Data sources

As mentioned in Connecting to remote data sources, you need to provide the Import tool with information about the data source in order for the tool to be able to load the tables from your remote data source.

The information required depends on the remote data source you want to connect to. In general it covers the same aspects, but on a detailed level it can differ from one data source to another. This page outlines where to find the required information in your remote data source.

Some data sources require specific roles/permissions to access the data. Exactly which permissions are required depends on the data source and how the data is organized. Therefore, it is recommended to consult the database administrator to set up the minimal required permissions for each case.

As the sources are third parties, this guidance is based on the information available at the time of writing and may not always reflect the current state of the third party data source.

PostgreSQL, MySQL, SQL Server, and Oracle

All four data sources follow common patterns for RDBMS of host, port, and database schema. They all use Username and Password for authentication.

BigQuery

The following information is required to connect to BigQuery:

  • Project ID

  • Dataset name

  • Service Account key JSON

The Project ID and dataset name are available in the BigQuery Studio in the Google Cloud console. Browse to the BigQuery dataset you want to connect to and inspect the details to find the project ID and dataset name. Note that the dataset is sometimes prefixed with the project ID namespace, but not always.

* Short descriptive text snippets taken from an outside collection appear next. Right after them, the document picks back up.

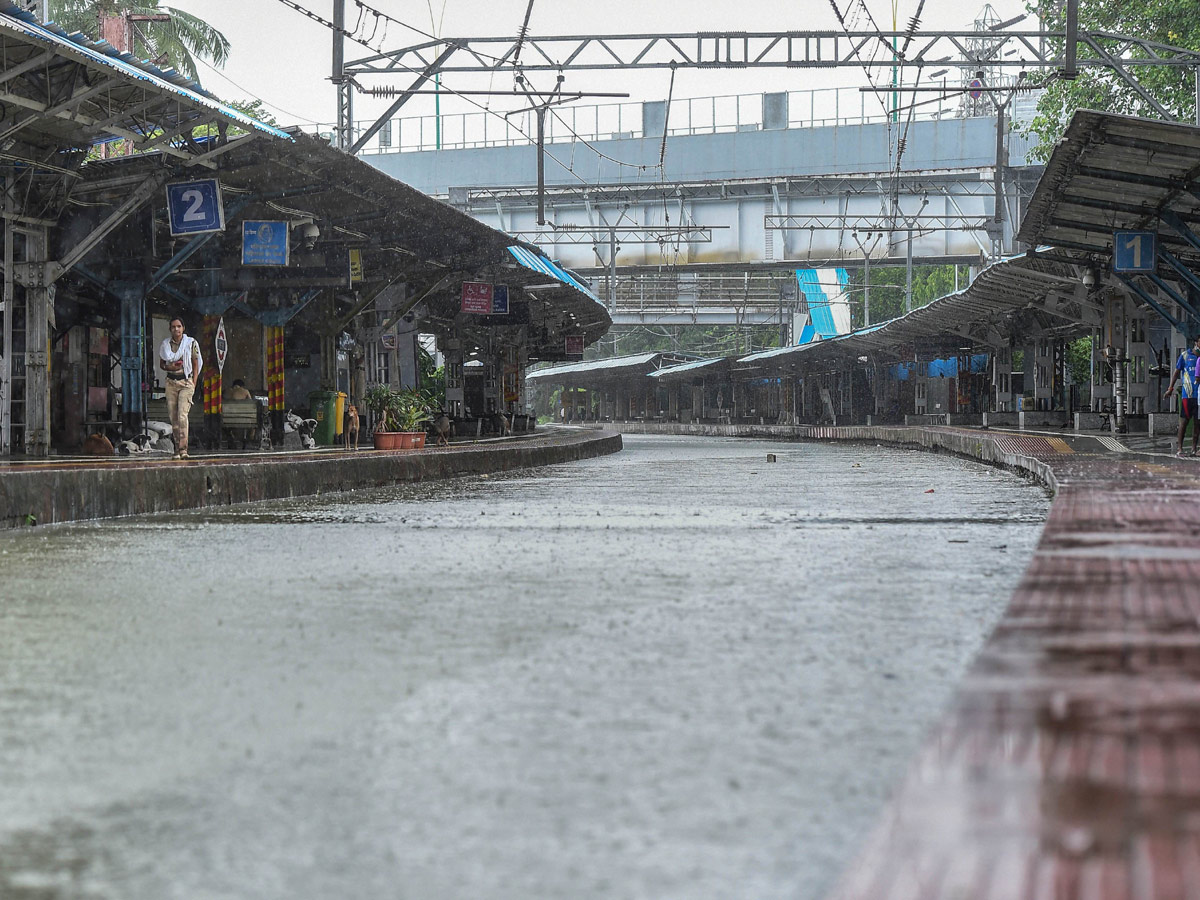 Heavy rain lashes Mumbai Photo Gallery - Sakshi7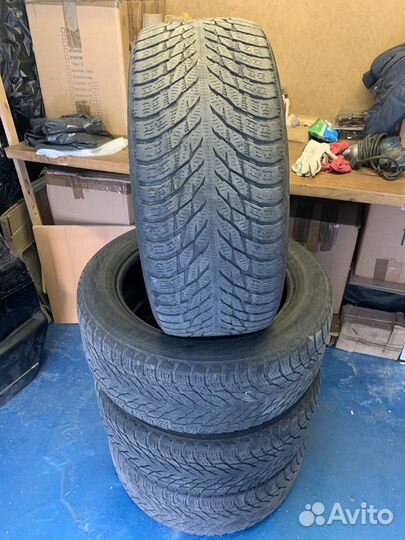 Nokian Tyres Hakkapeliitta R3 SUV 265/50 R19 110R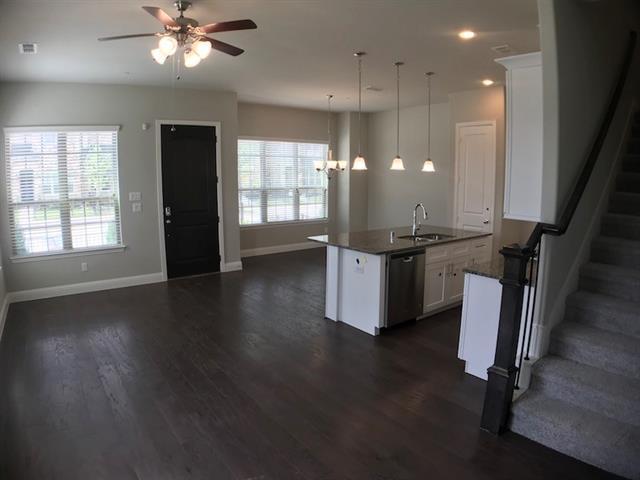 Building Photo - 6156 Rilla St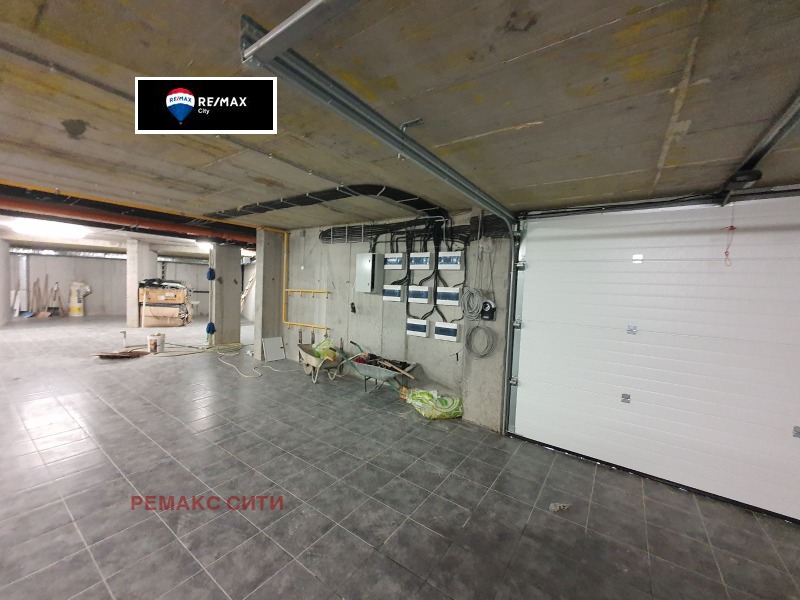 Продава ГАРАЖ, ПАРКОМЯСТО, гр. София, Бояна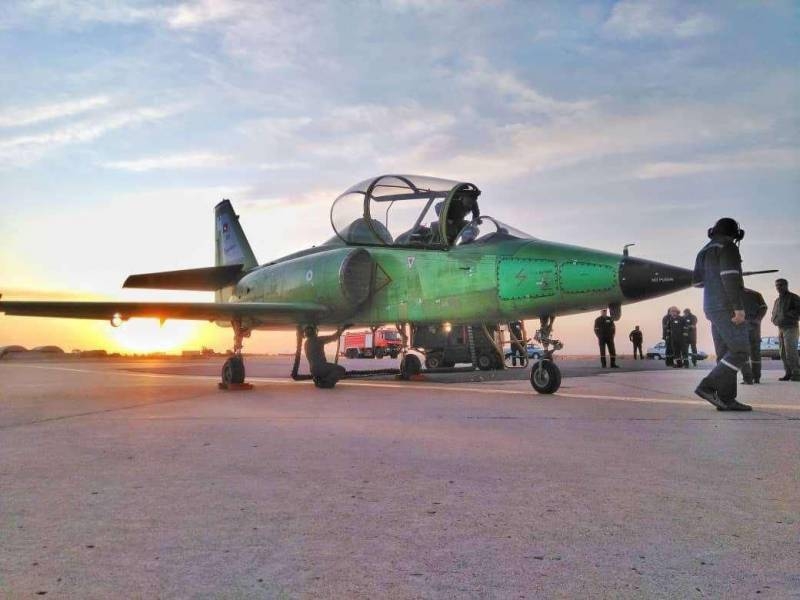 Иран показал новый самолет Yasin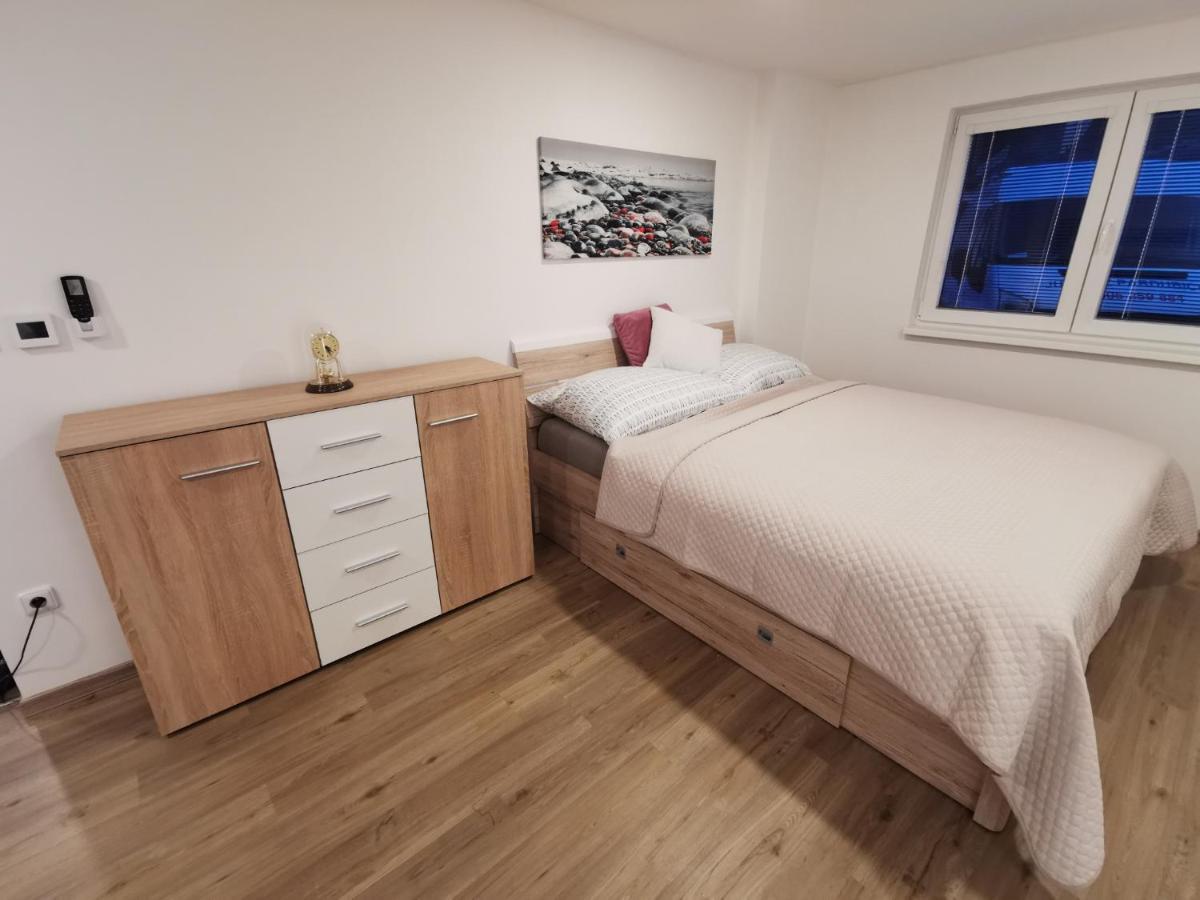 Apartmany Svitkov 79 Pardubice Luaran gambar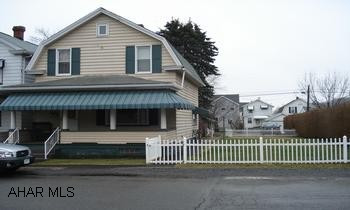 2 story on fenced double lot w/ shed, LR, DR, EIK, 3BR, central air, new furnace, deck & patio w/pergola 2 story on fenced double lot w/shed, LR, DR, EIK, 3BR, central air, new furnace, deck & patio w/pergola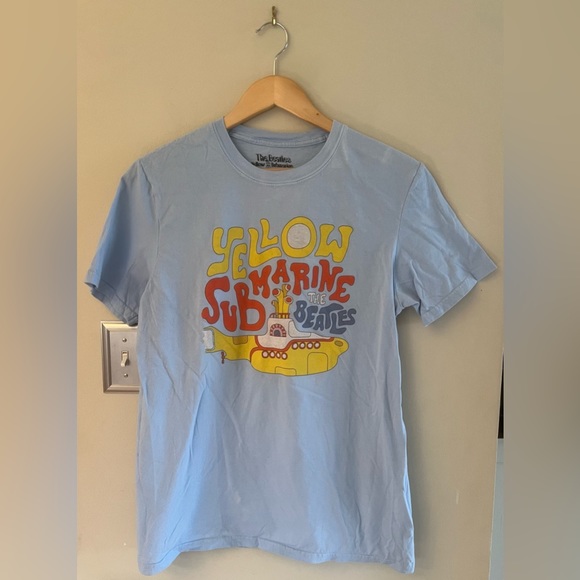 Adult Medium BEATLES Yellow Submarine Short Sleeve Tee Shirt - Picture 1 of 6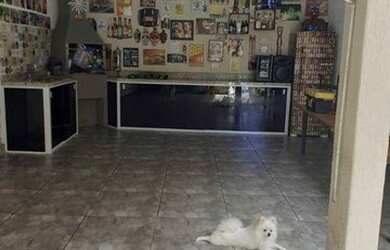 Imagem: A casa possui 2 Dormitórios, 2 Banheiros, 2 Vagas na garagem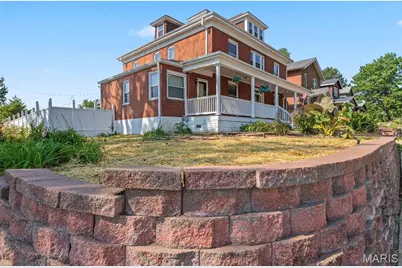 6120 Victoria Avenue, Saint Louis, MO 63139 - Photo 6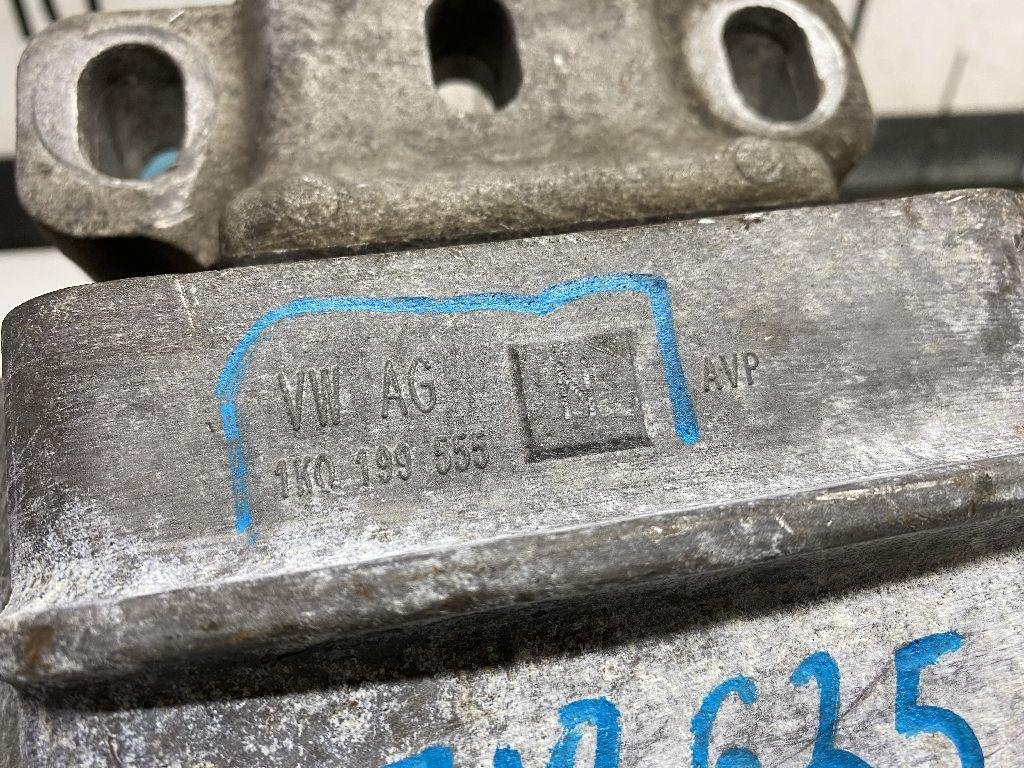 Опора КПП левая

The service account key JSON requires that you create a service account and then create a JSON key for the account. See Google Cloud Create service accounts for information on how to set up a service account.

You need to add the following roles to the Permissions of the service account:

  • BigQuery Data Viewer

  • BigQuery Read Session User

  • BigQuery Job User

Once the account is created, you need to create a private key for the account. This is accessed from the Keys tab of the service account, use Add key and select key type JSON and download the key.

Databricks

The following information is required to connect to Databricks:

  • Server hostname

  • HTTP Path

  • Catalog

  • Schema

  • Personal Access Token

The server hostname and the HTTP Path can be found under SQL Warehouses → Connection details. See the Databricks documentation for more information. Note that the instructions in the link are for AWS, but the same information applies for Azure and GCP. Refer to Azure, and GCP.

The catalog is found in the left-hand menu in the Databricks workspace, browse for the catalog you want to use. If you expand the selected catalog with the down arrow, you can find the schema.

The personal access token can be created from the User settings menu. Navigate to Developer and use Manage under Access tokens to generate a new token.

Redshift

The following information is required to connect to Redshift:

  • Server endpoint

  • Port

  • Database

  • Schema

  • IAM Credentials or

  • Password

The server endpoint is found in the dashboard. In addition to the actual endpoint, it contains the port and database. Copy the endpoint up until the colon, then copy the port number after the colon, and the database is found after the slash. The port and database should not contain any punctuation (i.e. no colon or slash).

The credentials can be either IAM credentials or username/password.

Snowflake

The following information is required to connect to Snowflake:

  • Host

  • Port

  • Database

  • Schema

  • Warehouse

  • Role

  • Username

  • Private Key

  • Private Key Passphrase

The host can be found in the account details of the Snowflake account. Open your profile in Snowflake, and navigate to Account to access the account details.

The database name can be found in Catalog in the left-hand menu in the Snowflake workspace and the schema is listed under each database name.

Warehouse can be found in Compute in the left-hand menu. If none is specified, a default is used.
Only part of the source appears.